Studio album by Antique
- Released: November 10, 2002
- Recorded: 2001–2002
- Genres: Modern laïka; pop; dance;
- Length: 49:57
- Label: V2
- Producers: Chippe & Wiz; Alex Papaconstantinou; Takis Damaskhis; Nicke;

Antique chronology
| Dance: Re-mixes + Videos (2002) | Alli Mia Fora (2002) | Collector's Edition (2003) |

Singles from Antique
- "Alli Mia Fora"; "Moro Mou"; "Why";

= Alli Mia Fora (Antique album) =

Alli Mia Fora (Greek: Άλλη μια φορά; One More Time) is the third album by Greek musical group Antique. The album was released in November 2002 by V2 Records and it became gold in Greece, their first album to do so. In 2003, many of the songs from this album were included in English on their Swedish release titled Blue Love.

== Track listing ==

| No. | Title | Writer(s) | Producer(s) | Length |
|---|---|---|---|---|
| 1. | "Moro Mou" (Μωρό Μου; My baby) | Dimitris "Funkyfly" Stamatiou | Chippe & Wiz, Alex Papaconstantinou | 3:23 |
| 2. | "Ela 'Do (Come 2 Me)" (Έλα 'Δω; Come here) | Alex Papaconstantinou, Andreas Unge | Chippe & Wiz, Papaconstantinou | 3:24 |
| 3. | "'Alli Mia Fora" ('Άλλη Μια Φορά; One more time) | Takis Damashis | Takis Damashis | 3:52 |
| 4. | "Tora Tora" (Τώρα Τώρα; Now now) | Haris Halkitis, Argiris Koulouris, Vaggelis Karatzanos | Chippe & Wiz, Papaconstantinou | 4:08 |
| 5. | "Girna Ksana" (Γύρνα Ξανά; Return again) | Halkitis, Koulouris, Andreas Bonatsos | Chippe & Wiz, Papaconstantinou | 4:00 |
| 6. | "Kardia Mou" (Καρδιά Μου; My heart) | Toni Mavridis, Elena Paparizou | Chippe & Wiz | 4:26 |
| 7. | "Pes Mou" (Πες Μου; Tell me) | Panos Tsapanidis | Chippe & Wizz | 4:12 |
| 8. | "Moiazoume" (Μοιάζουμε; We are alike) | Damashis, Ilias Filippou | Damashis | 3:56 |
| 9. | "Den M' Agapas" (Δεν Μ' Αγαπάς; You don't love me) | Chippe Carlsson, Halkitis, Natalia Germanou | Chippe & Wizz | 5:13 |
| 10. | "Ti Sou 'Dosa, Ti Mou 'Doses" (Τι Σου 'Δωσα, Τι Μου 'Δωσες; What I gave you, What you gave me) | Damashis, Nikos Vaksavanelis | Chippe, Damashis | 3:46 |
| 11. | "Pou Eisai Matia Mou" (Που Είσαι Μάτια Μου; Where are you my eyes) | Antonis Skokos, Nikos Sarris | Chippe & Wiz | 4:22 |
| 12. | "Anoihti Pligi (Why?)" (Ανοιχτή Πληγή; Open wound) | Chippe Carlsson, Niclas Olausson, Niklas Lundqvist, Elena Paparizou, Antonis Pappas | Chippe & Nicke & Wiz | 4:46 |

==Singles==
"Alli Mia Fora"
The first single from the album was "Alli Mia Fora". The music video was directed by Kostas Kapetanidis.

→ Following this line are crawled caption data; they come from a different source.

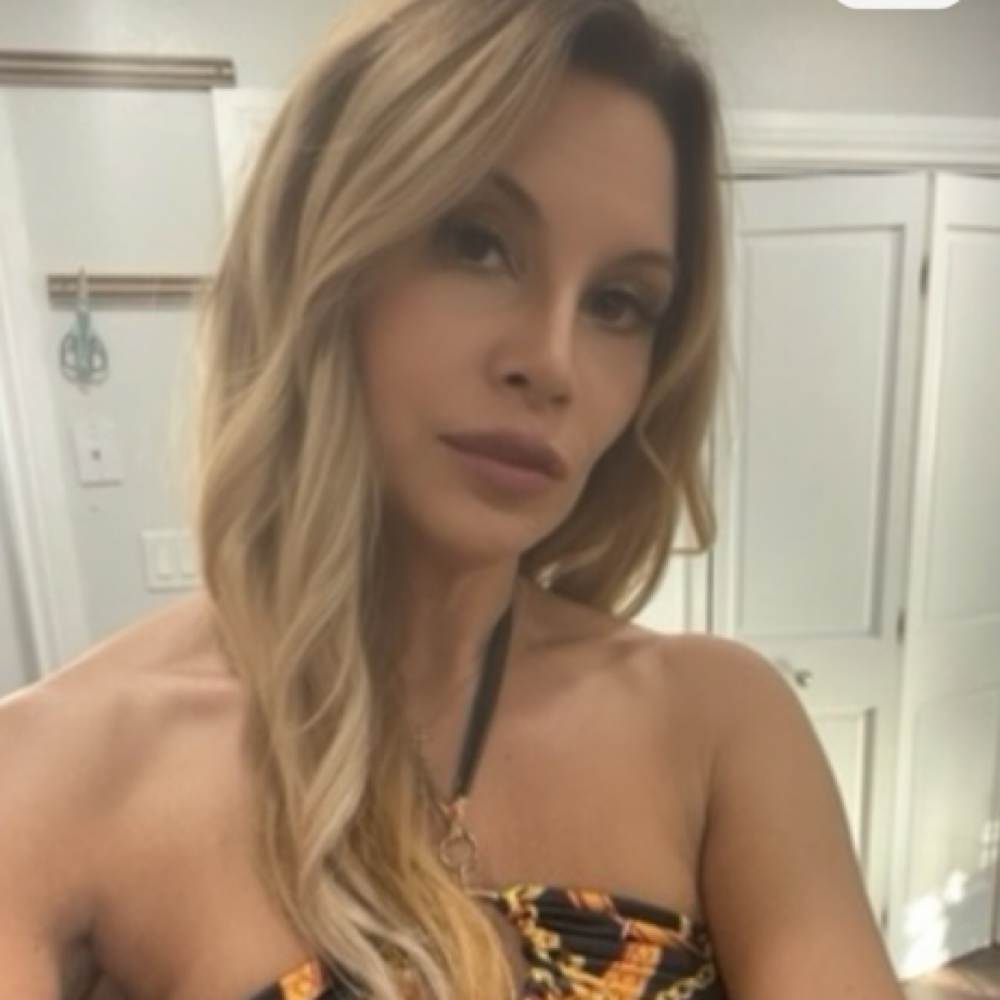 Alexandra Toma at Pretty 2 Gorgeous in Sherman Oaks, CA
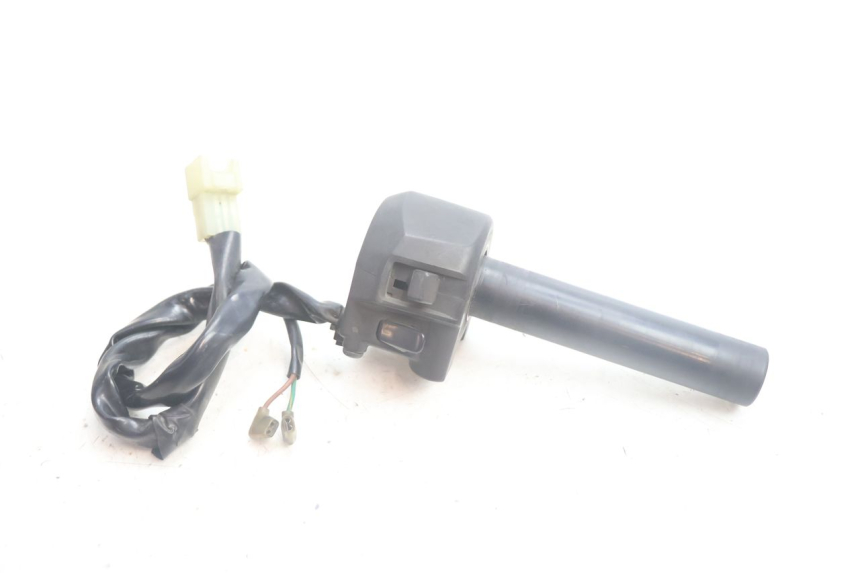 photo de MANUBRIO DESTRO YAMAHA X-MAX XMAX 125 (2010 - 2013) - Vista principale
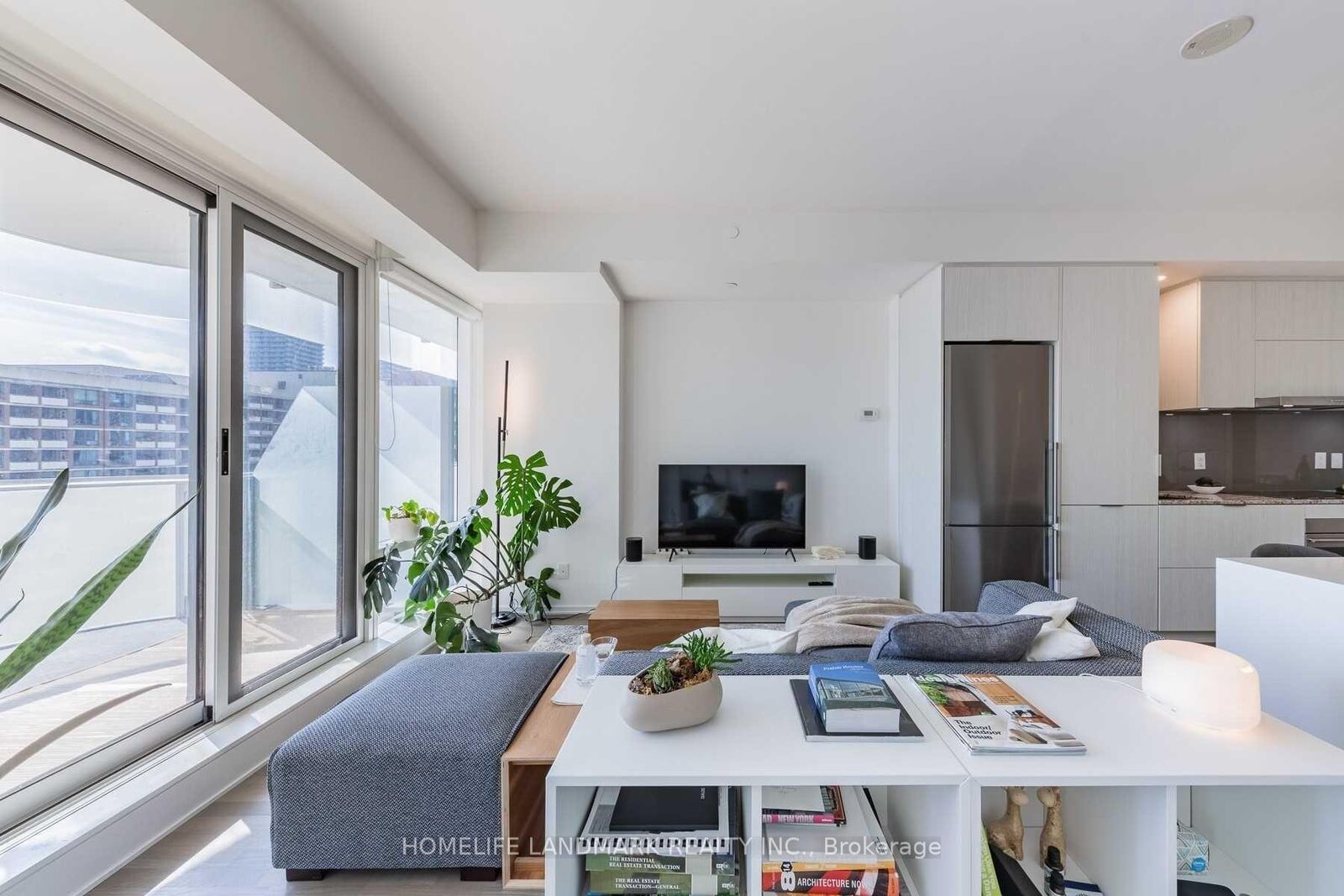 Property Photo: 1 Bloor Street E 1105 ON M4W 0A8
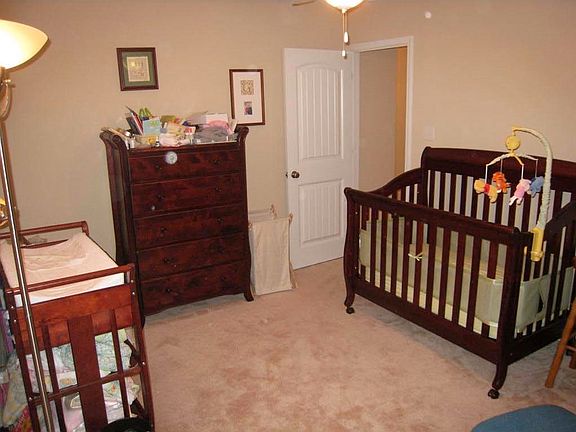 5th image of 15307 Winsor Pl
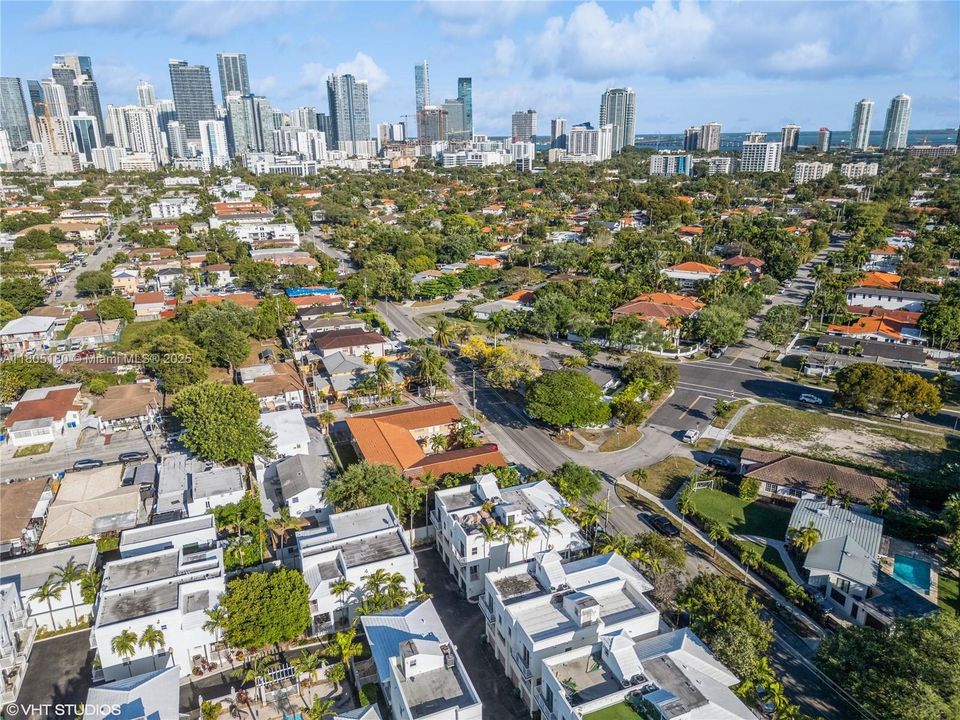 En Venta: $899,999 (3 camas, 3 baños, 2208 Pies cuadrados)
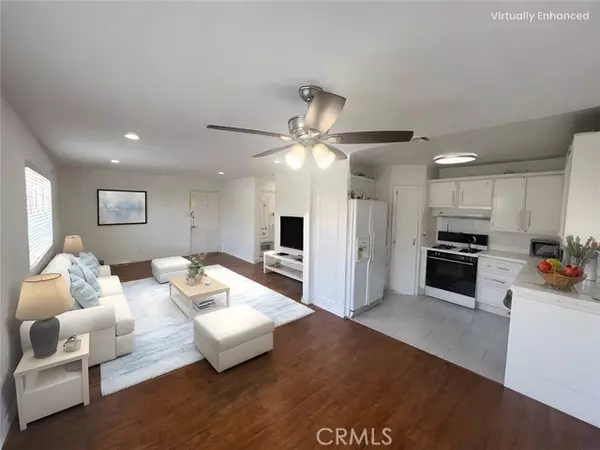 18619 Collins Street #F29, Tarzana (los Angeles), CA 91356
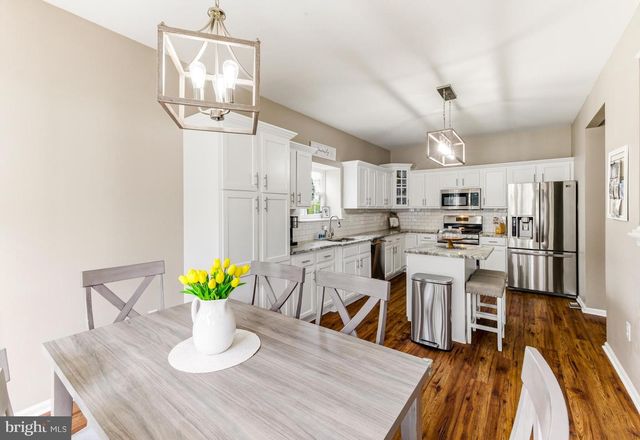 1301 SASSAFRAS LN, Williamstown, NJ 08094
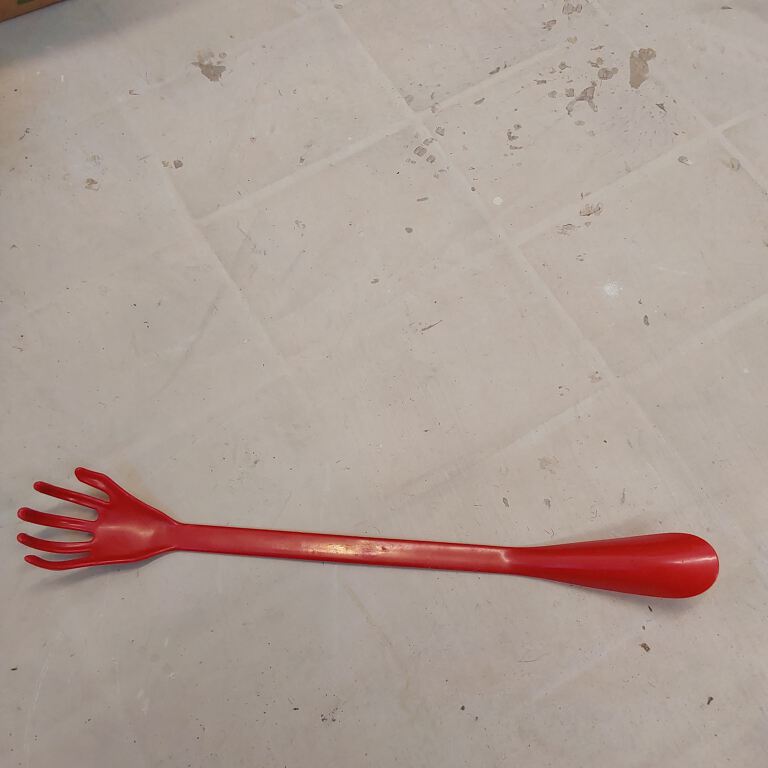 Long Handled Shoe Horn (R338)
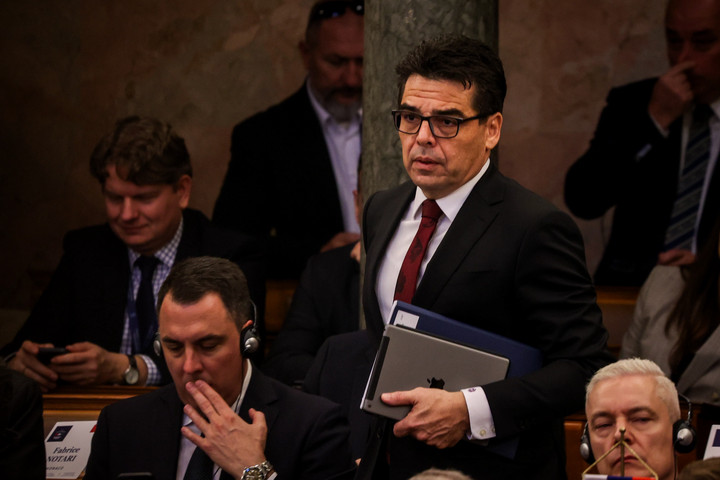 Fotó: MH/Török Péter „Tényleg ezért kapnak fizetést egyes brüsszeli politikusok?”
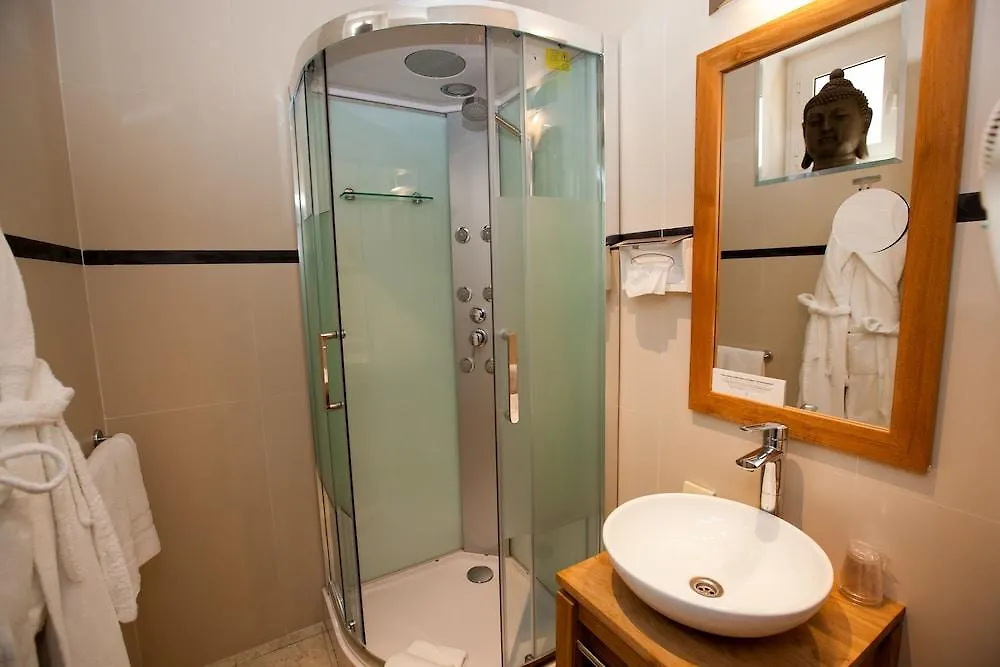 ***  Paris Rome Hotel Menton France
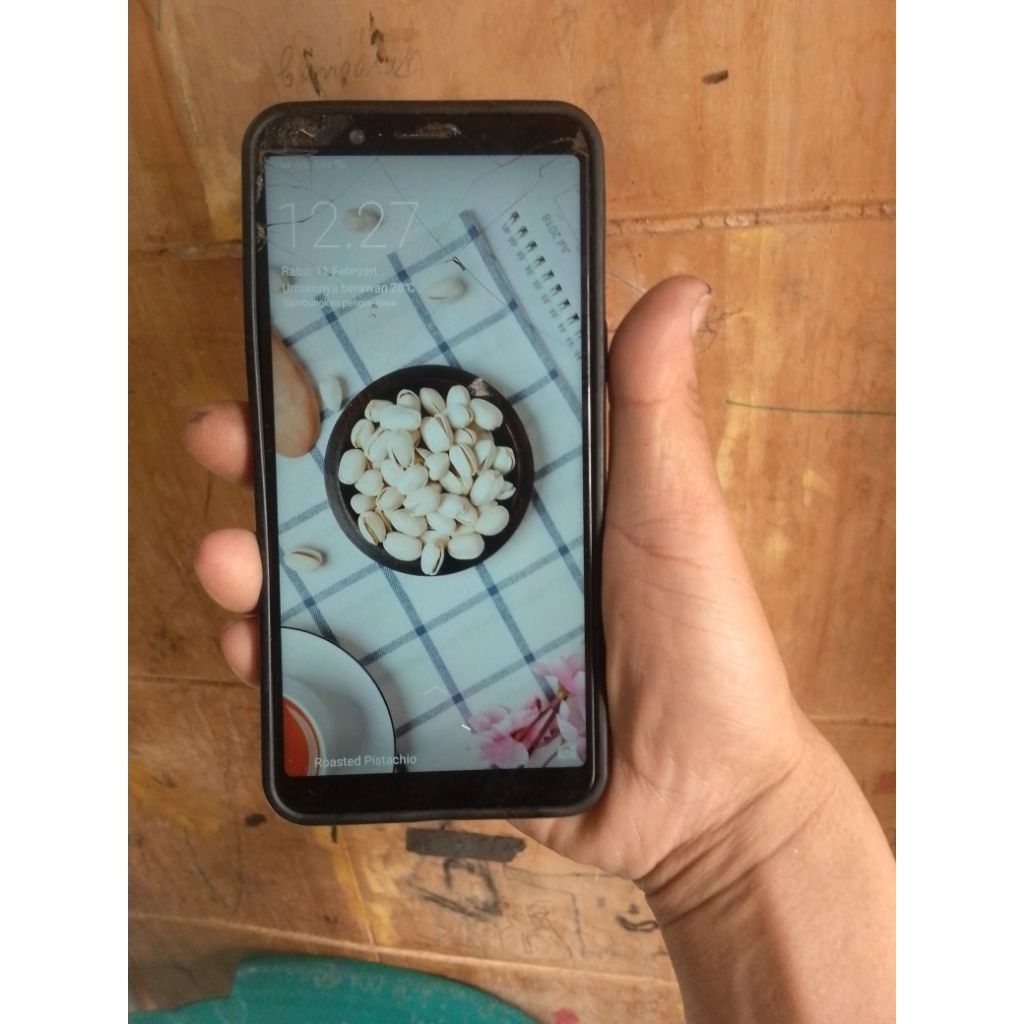 hp minus, Oppo f5 ram 4,/32(baca deskripsi)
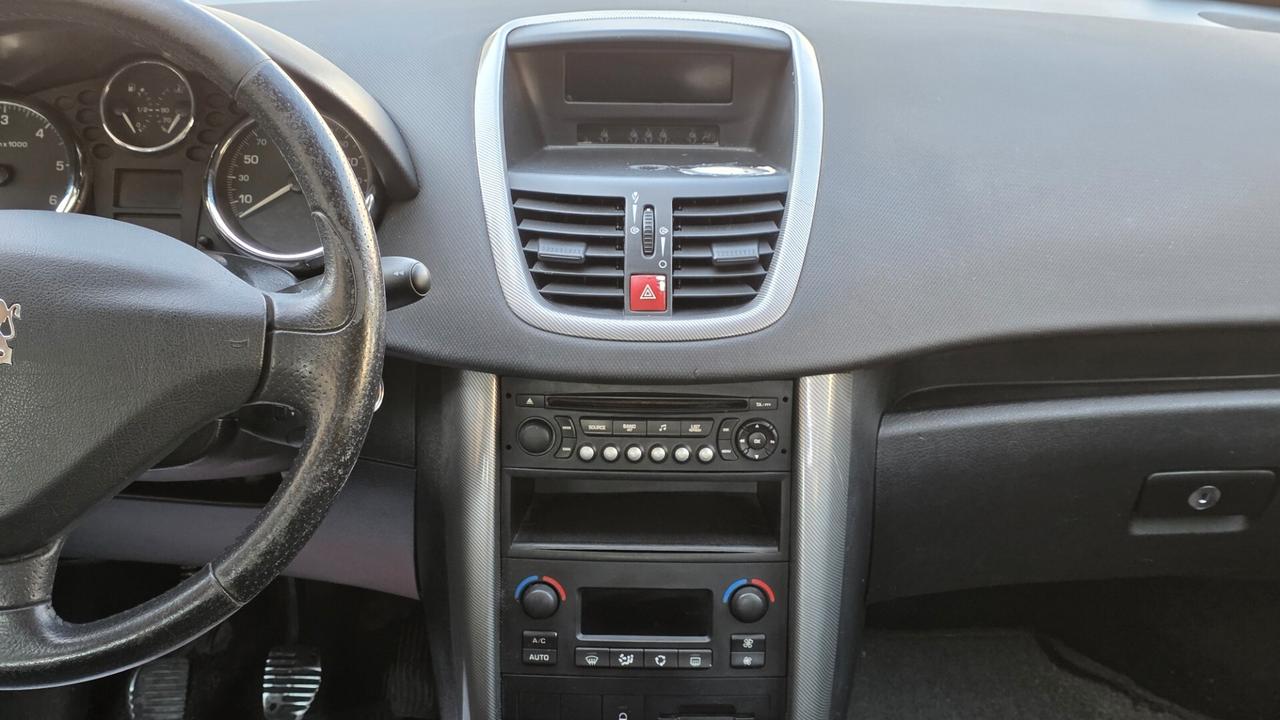 Peugeot 207 1.6 HDi 90CV 5p. XS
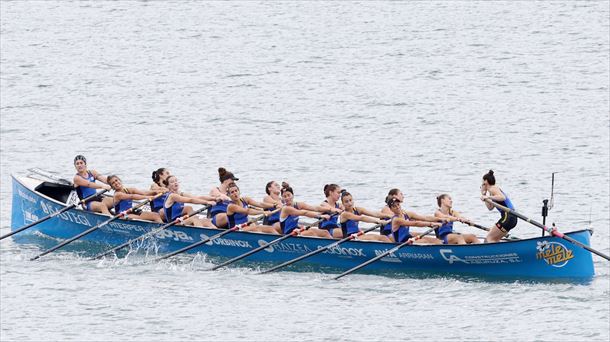 La regata clasificatoria otorgará siete billetes para la Bandera de La Concha. Foto: EFE. 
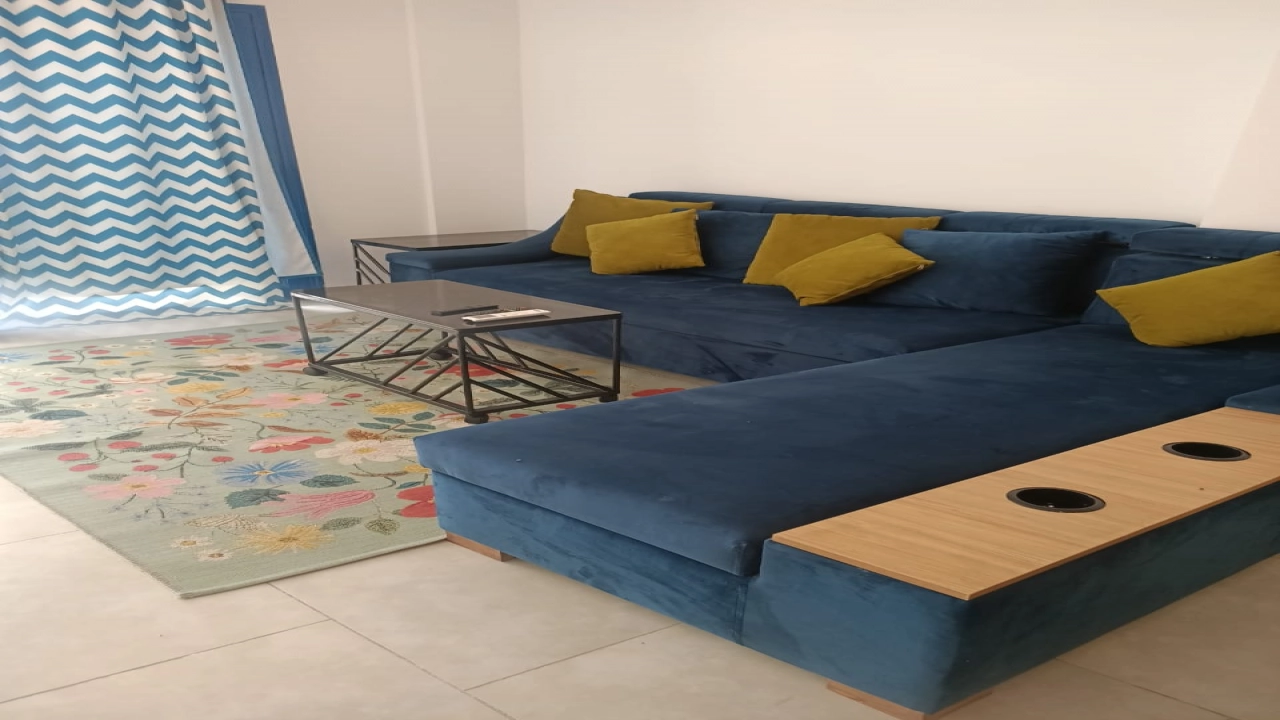 شاليه للايجار في مراسي جريك ارضي بجاردن 2 غرفه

It was released as an English version called "Time to Say Goodbye" on their follow-up album Blue Love

"Moro Mou"
The second single from the album was "Moro Mou". A mixed Greek and English version was released from Blue Love called "Moro Mou (My Baby)".